The bills would create extreme risk protection orders (ERPOs), also known as red flag orders, to seize weapons from any individual who others say is likely to injure themselves or another person with a firearm. Greene, R-Richmond, noted that the bills give courts broad discretion to confiscate firearms from individuals based on very little evidence, instead shifting the burden of proof to the defendant to prove they should be allowed to keep the gun they own lawfully. She also expressed concern that the bills provide no right to counsel for the defendant if they cannot afford it, and no right to a hearing or a psychological evaluation before the court issues an order and a person’s guns are seized.
“A vindictive former roommate or a scorned ex would be able to file for one of these orders and strip someone of their Constitutional rights,” Greene said. “Meanwhile, the person losing their rights has no guarantee that they will be given an opportunity to face their accuser or a right to representation from an attorney if they cannot afford one.”
Greene said Michigan must get tougher with criminals who violate the state’s current laws before considering additional changes that would not address the real issues which is our mental health crisis.
“The evil that took place at Oxford and at MSU is horrific. The loss of innocent lives and the torment and trauma the survivors continue to experience is absolutely heartbreaking,” Greene said. “That’s why it’s so hard to see bills that make people feel like we are ‘doing something,’ but don’t actually deal with the real issues that cause these horrific acts. What we should be doing is getting people with mental health problems the help they need.”
In a speech before the House vote, Greene pointed out that even when an extreme risk protection order is executed on an individual who truly a risk, it fails to make sure that person receives treatment.
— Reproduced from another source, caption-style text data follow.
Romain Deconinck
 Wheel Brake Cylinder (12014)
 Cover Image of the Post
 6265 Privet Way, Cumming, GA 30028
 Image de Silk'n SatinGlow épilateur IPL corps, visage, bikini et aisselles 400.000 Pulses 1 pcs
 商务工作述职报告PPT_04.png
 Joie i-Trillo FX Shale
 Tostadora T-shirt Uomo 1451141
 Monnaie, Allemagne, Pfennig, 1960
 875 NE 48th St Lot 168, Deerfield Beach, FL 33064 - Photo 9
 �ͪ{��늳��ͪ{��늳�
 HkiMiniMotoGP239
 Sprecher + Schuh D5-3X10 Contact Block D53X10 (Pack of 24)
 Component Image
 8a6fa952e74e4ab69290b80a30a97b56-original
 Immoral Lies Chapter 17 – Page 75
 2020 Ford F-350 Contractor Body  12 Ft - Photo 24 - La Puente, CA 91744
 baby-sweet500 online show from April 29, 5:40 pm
“This proposal seeks to send police officers to someone’s home to take their guns and then leave them alone in their thoughts – potentially with access to knives, pills, or other items they could use to harm themselves or others,” Greene said. “Taking away a gun does not cure someone of being suicidal or homicidal.”
“When we make guns the scapegoat for society’s mental health crisis, it deflects our attention from real solutions. A much better approach would be to better utilize the laws we already have to help someone who is mentally ill and a danger to themselves or others to get the assistance they need.”
Despite Greene’s opposition, the legislation passed the House and now proceeds to the Senate for further consideration.